***** Data for processing
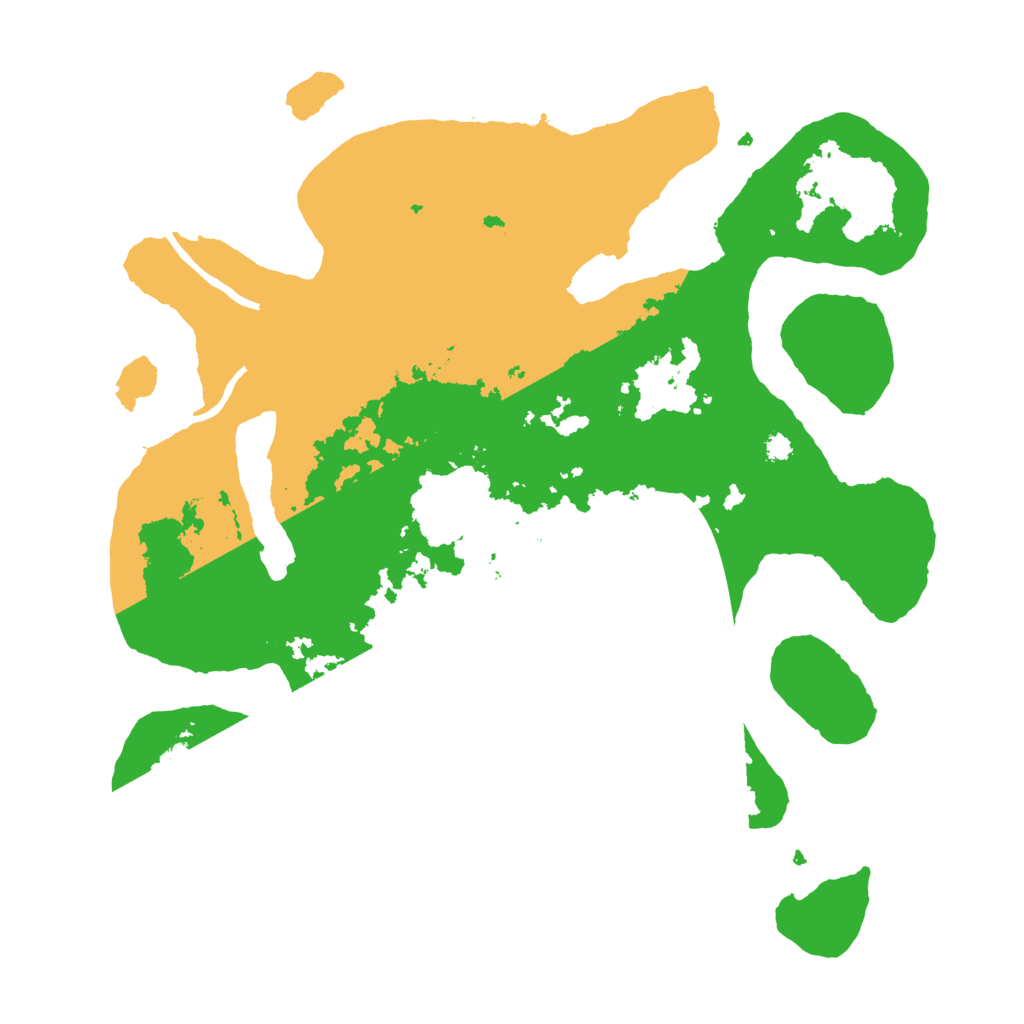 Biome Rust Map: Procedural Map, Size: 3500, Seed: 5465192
**********
***** Data for processing
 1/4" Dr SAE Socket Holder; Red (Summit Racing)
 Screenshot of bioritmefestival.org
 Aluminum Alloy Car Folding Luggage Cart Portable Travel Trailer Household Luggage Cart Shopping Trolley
**********
***** Data for processing
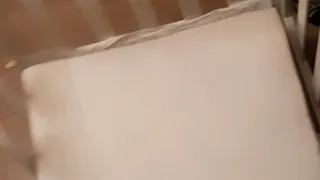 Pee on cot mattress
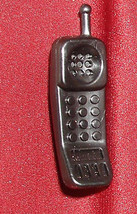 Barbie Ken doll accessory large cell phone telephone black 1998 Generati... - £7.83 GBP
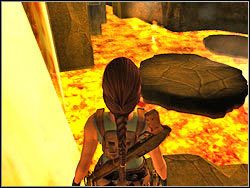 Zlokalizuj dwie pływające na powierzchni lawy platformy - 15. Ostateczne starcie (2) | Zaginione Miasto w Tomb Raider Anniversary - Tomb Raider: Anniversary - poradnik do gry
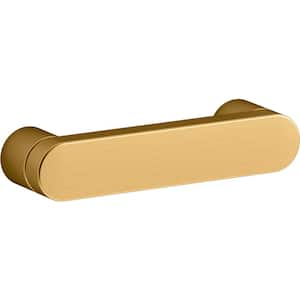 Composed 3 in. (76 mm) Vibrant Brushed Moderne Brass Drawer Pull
**********
◆ What you are asked to do: Of the lines above, output exactly those from the line bearing "Red (Summit Racing)" through the line bearing "Aluminum Alloy Car", inclusive.

◆ Task response:
 1/4" Dr SAE Socket Holder; Red (Summit Racing)
 Screenshot of bioritmefestival.org
 Aluminum Alloy Car Folding Luggage Cart Portable Travel Trailer Household Luggage Cart Shopping Trolley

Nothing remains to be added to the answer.